> **WHAT YOU ARE ASKED TO DO**
Reproduce all of the data exactly. Images are not to appear in the reply.

> **INFORMATION SUPPLIED**
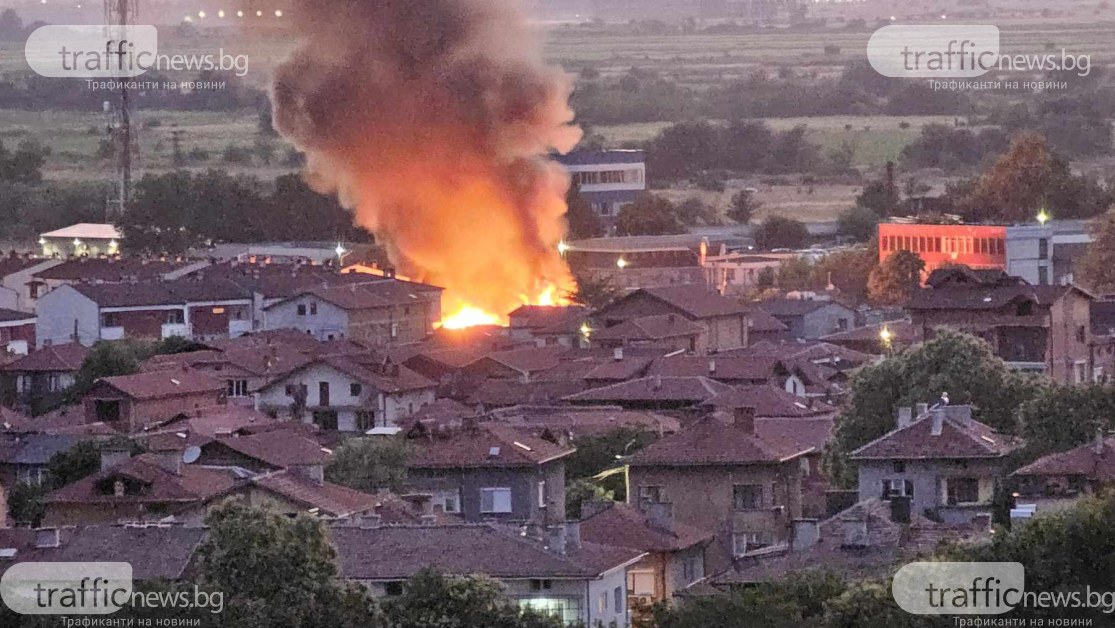 Голям пожар Пловдив, три екипа огнеборци са на място  СНИМКИ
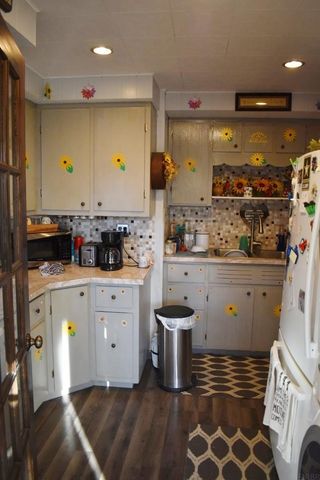 104 8th Ave SE, Oelwein, IA 50662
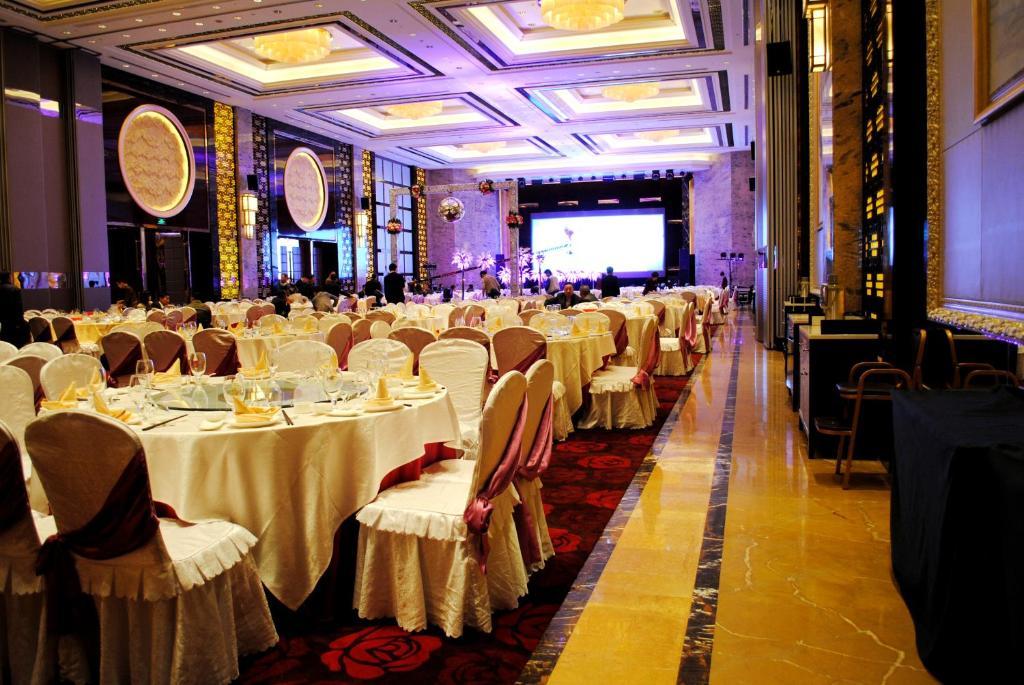 Datong Weidu International Hotel Exteriör bild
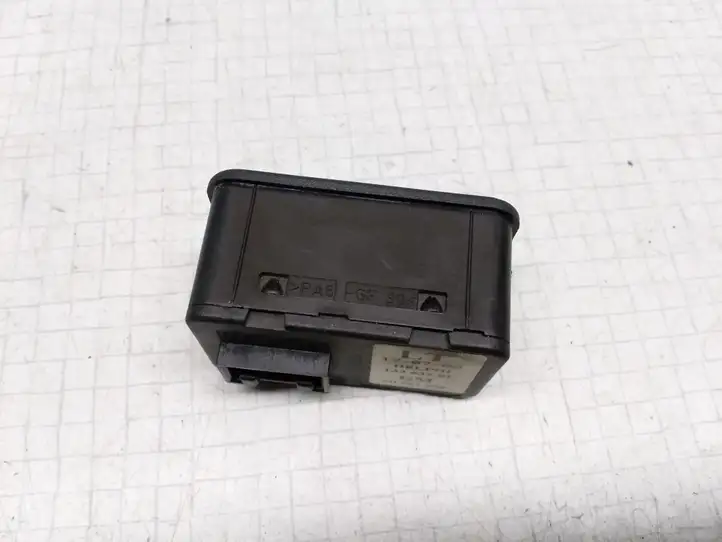 Opel Astra G (1998 - 2004) 13363201 Блок кнопок стеклоподъемников — фото 2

> **WORKED SOLUTION**
 Голям пожар Пловдив, три екипа огнеборци са на място  СНИМКИ
 104 8th Ave SE, Oelwein, IA 50662
 Datong Weidu International Hotel Exteriör bild
 Opel Astra G (1998 - 2004) 13363201 Блок кнопок стеклоподъемников — фото 2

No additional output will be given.